What you will do:
Starting at the line that contains "Midori Paintable Stamp" in the listing below, write out every line word for word until you have written the line that contains "Quickloader Auto-Retract Ratchet Straps".

Data extract:
/---
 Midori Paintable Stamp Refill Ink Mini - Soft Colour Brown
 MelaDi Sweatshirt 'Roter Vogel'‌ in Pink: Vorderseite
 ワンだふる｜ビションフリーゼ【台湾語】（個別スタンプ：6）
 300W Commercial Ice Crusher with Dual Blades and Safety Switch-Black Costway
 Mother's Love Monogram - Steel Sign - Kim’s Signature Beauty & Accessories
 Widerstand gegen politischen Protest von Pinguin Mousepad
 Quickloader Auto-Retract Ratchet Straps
\---
/---
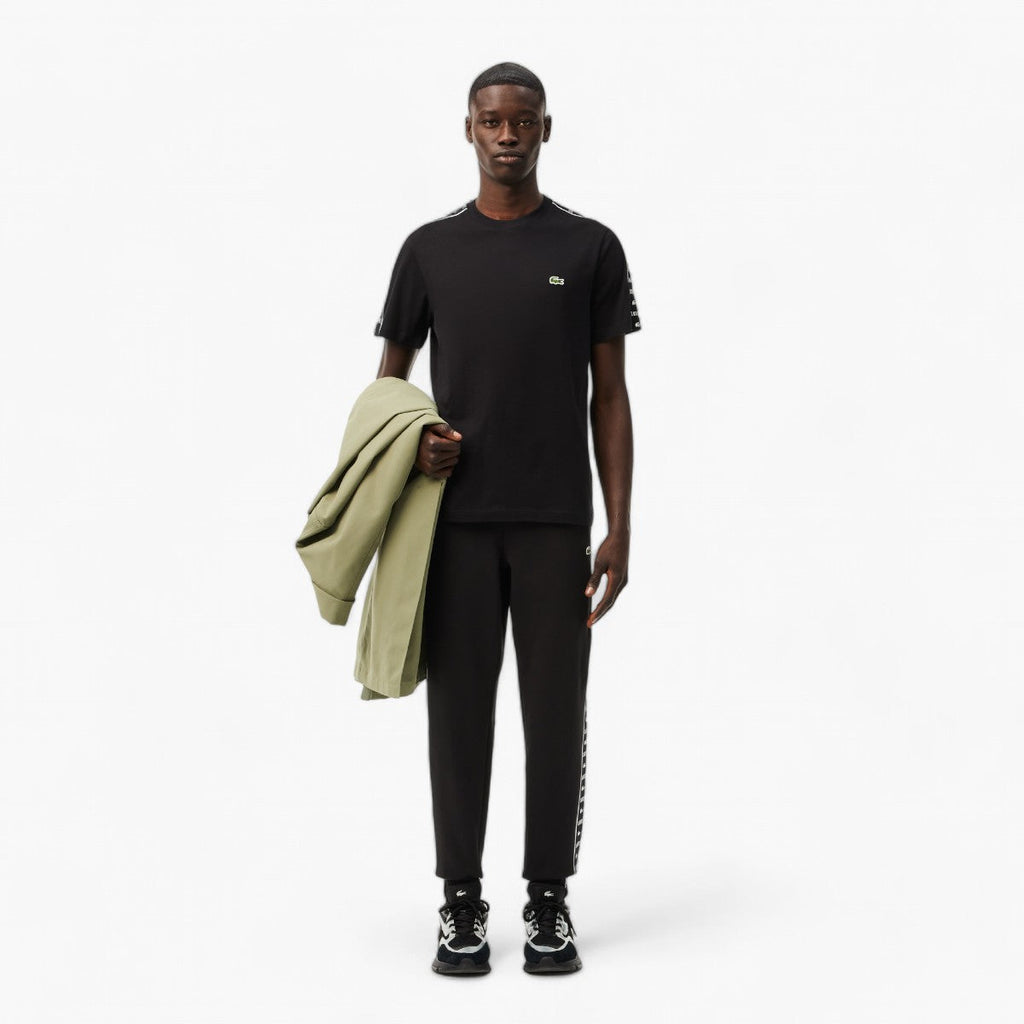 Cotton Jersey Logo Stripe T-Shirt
\---
Response to the exercise:
 Midori Paintable Stamp Refill Ink Mini - Soft Colour Brown
 MelaDi Sweatshirt 'Roter Vogel'‌ in Pink: Vorderseite
 ワンだふる｜ビションフリーゼ【台湾語】（個別スタンプ：6）
 300W Commercial Ice Crusher with Dual Blades and Safety Switch-Black Costway
 Mother's Love Monogram - Steel Sign - Kim’s Signature Beauty & Accessories
 Widerstand gegen politischen Protest von Pinguin Mousepad
 Quickloader Auto-Retract Ratchet Straps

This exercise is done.